--D. Thiebaut 15:21, 18 April 2010 (UTC)
--D. Thiebaut 21:48, 23 June 2010 (UTC) Revised and added Ruby elastic-mapreduce command section

Setup

We'll basically do the same thing as when we used the example WordCount program included in Hadoop, but this time we'll upload our own version of the python program in our S3 folder, and run it instead of Amazon's program. We'll use both the console and the ruby API elastic-mapreduce command to start the streaming job.
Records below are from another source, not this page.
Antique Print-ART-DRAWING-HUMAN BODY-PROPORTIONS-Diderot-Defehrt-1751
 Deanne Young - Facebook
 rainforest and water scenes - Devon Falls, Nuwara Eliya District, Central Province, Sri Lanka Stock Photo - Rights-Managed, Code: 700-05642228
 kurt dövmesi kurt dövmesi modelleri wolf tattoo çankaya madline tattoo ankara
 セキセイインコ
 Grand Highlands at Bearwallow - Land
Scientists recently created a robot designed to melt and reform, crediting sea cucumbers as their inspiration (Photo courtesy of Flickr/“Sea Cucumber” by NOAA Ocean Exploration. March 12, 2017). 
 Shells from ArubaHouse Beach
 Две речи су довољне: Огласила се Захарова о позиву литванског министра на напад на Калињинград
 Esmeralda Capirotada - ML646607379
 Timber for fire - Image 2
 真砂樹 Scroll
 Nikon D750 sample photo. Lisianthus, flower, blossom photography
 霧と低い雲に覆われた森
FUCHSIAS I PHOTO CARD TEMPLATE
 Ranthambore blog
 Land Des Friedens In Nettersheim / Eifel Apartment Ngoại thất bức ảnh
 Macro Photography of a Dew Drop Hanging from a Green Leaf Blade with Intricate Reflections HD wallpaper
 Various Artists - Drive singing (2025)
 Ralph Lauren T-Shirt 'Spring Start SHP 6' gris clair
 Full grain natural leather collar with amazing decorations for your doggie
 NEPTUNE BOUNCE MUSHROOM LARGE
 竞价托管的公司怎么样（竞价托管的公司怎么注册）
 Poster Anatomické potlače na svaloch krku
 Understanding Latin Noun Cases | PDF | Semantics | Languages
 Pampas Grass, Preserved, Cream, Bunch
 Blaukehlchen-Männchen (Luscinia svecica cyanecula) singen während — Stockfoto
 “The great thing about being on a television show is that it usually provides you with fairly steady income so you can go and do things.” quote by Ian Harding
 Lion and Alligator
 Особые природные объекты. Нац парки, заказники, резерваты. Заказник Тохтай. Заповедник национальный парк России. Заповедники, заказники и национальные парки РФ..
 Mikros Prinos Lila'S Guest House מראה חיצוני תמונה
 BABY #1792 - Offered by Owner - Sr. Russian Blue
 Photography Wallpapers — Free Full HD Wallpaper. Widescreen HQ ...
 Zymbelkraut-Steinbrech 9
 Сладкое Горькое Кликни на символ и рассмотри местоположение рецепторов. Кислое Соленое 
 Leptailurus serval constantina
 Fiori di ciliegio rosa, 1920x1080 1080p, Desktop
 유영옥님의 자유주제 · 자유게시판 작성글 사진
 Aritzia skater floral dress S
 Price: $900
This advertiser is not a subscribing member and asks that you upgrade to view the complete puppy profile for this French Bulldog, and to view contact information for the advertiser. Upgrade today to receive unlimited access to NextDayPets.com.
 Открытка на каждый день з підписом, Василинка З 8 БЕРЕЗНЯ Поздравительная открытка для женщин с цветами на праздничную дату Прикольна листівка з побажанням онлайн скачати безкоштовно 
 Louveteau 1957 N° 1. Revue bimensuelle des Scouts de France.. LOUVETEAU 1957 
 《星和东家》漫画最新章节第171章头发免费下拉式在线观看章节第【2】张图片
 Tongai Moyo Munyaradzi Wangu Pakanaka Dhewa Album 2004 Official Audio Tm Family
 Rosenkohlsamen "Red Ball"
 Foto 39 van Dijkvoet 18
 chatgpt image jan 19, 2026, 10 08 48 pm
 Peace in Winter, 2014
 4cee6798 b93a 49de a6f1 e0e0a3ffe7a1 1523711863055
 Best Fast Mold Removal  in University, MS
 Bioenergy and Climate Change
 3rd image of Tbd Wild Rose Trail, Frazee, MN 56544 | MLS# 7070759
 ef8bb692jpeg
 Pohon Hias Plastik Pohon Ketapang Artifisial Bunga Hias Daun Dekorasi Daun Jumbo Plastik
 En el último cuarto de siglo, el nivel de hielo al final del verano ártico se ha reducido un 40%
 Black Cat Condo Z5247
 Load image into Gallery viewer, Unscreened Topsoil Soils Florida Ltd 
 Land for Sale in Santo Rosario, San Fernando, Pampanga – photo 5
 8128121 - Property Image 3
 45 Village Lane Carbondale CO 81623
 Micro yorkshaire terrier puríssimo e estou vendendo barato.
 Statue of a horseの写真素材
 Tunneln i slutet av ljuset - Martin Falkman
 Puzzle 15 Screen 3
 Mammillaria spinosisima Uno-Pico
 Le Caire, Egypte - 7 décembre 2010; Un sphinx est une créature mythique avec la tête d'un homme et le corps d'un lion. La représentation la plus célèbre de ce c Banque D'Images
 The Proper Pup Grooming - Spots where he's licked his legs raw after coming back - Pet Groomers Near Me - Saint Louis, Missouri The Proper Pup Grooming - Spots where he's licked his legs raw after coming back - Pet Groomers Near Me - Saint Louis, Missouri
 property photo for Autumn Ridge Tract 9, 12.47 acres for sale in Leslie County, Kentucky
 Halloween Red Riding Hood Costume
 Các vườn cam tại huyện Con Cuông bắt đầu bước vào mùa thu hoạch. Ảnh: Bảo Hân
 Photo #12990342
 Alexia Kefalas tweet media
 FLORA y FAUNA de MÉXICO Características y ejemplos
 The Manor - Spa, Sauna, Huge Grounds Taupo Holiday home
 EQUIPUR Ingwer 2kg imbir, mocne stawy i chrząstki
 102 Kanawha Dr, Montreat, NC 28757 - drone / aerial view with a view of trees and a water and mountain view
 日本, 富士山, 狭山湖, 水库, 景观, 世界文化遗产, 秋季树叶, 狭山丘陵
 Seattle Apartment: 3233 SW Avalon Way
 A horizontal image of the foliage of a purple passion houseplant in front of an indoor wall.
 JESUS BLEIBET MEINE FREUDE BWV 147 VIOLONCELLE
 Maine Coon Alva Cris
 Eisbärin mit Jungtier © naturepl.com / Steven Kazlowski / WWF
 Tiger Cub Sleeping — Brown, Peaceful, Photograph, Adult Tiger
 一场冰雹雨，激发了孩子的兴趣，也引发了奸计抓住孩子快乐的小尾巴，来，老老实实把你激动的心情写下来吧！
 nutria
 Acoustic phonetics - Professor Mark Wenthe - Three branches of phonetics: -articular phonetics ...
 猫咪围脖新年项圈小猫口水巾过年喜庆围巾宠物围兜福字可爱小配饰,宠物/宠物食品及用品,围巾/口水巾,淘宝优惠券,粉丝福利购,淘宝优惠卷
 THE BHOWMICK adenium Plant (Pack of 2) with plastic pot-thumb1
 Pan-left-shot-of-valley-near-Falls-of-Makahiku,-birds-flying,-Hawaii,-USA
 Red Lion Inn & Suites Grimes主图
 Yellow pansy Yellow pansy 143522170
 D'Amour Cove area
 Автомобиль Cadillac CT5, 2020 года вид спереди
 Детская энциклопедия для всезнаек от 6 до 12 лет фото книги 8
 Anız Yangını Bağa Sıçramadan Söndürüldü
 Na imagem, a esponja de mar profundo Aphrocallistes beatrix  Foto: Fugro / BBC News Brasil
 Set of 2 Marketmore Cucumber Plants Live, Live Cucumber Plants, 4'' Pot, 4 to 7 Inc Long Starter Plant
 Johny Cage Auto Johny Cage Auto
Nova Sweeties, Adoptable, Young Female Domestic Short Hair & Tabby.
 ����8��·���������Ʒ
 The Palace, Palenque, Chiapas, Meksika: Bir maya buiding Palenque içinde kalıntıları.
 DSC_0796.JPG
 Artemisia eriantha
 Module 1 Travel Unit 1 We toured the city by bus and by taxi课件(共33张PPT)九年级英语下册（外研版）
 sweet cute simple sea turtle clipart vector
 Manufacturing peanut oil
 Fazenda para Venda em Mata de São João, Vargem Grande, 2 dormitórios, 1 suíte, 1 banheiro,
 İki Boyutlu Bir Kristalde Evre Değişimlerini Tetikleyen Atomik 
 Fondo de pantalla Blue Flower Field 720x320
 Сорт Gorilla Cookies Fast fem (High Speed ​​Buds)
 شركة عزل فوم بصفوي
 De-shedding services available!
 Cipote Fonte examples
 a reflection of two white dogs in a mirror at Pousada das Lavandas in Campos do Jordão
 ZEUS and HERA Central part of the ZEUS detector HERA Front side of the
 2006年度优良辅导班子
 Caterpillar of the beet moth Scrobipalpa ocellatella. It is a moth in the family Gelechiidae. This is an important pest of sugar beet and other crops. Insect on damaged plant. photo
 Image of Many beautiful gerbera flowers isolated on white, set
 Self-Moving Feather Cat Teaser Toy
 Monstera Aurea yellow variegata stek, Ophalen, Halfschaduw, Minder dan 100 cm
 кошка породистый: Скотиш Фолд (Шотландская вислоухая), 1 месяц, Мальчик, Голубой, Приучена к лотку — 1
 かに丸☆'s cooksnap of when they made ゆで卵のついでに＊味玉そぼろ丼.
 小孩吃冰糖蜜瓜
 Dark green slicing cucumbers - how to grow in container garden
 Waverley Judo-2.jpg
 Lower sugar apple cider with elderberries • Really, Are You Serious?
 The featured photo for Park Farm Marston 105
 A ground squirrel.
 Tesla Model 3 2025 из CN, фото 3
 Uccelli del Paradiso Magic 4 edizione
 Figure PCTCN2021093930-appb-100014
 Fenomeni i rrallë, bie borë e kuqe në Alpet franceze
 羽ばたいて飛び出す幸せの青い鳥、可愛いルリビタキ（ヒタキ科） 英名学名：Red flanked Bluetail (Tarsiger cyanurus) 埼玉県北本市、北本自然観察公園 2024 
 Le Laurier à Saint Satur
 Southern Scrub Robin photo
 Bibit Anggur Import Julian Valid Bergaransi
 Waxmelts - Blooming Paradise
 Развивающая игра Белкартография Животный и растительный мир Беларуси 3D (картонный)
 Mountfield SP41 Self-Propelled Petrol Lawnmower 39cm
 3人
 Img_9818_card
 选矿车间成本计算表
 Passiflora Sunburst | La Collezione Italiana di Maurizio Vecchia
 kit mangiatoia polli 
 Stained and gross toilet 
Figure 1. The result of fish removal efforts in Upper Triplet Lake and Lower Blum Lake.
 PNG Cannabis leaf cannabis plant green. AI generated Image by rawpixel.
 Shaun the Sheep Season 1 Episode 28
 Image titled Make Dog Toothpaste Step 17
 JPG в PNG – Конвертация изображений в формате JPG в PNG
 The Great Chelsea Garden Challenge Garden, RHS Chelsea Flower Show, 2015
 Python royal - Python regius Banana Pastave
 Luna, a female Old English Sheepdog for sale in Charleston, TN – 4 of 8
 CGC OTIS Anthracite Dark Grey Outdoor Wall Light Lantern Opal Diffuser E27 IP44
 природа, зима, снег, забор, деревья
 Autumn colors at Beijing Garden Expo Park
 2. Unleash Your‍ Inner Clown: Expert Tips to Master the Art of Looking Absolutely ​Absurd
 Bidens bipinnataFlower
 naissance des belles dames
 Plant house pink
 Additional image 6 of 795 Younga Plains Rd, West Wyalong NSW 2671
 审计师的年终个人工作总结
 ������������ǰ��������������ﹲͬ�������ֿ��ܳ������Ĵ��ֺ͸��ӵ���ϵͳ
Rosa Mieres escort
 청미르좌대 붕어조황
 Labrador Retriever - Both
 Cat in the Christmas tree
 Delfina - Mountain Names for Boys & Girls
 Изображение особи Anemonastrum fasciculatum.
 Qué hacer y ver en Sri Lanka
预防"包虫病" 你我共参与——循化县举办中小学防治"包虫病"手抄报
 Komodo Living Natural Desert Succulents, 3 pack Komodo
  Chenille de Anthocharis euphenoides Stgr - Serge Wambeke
Create two Python programs, mapper.py and reducer.py:

#!/usr/bin/env python
# mapper.py
# D. Thiebaut
#
import sys
 
#--- get all lines from stdin ---
for line in sys.stdin:
    #--- remove leading and trailing whitespace---
    line = line.strip()
 
    #--- split the line into words ---
    words = line.split()
 
    #--- output tuples [word, 1] in tab-delimited format---
    for word in words: 
        print '%s\t%s' % (word, "1")

and

#!/usr/bin/env python
# reducer.py
# D. Thiebaut

import sys
 
# maps words to their counts
word2count = {}
 
# input comes from STDIN
for line in sys.stdin:
    # remove leading and trailing whitespace
    line = line.strip()
 
    # parse the input we got from mapper.py
    word, count = line.split('\t', 1)
    # convert count (currently a string) to int
    try:
        count = int(count)
    except ValueError:
        continue
 
    try:
        word2count[word] = word2count[word]+count
    except:
        word2count[word] = count
 
# write the tuples to stdout
# Note: they are unsorted
for word in word2count.keys():
    print '%s\t%s'% ( word, word2count[word] )

Do make sure they do not contain any error! Run them on your local machine, so the syntax can be checked. Fix any errors you may find.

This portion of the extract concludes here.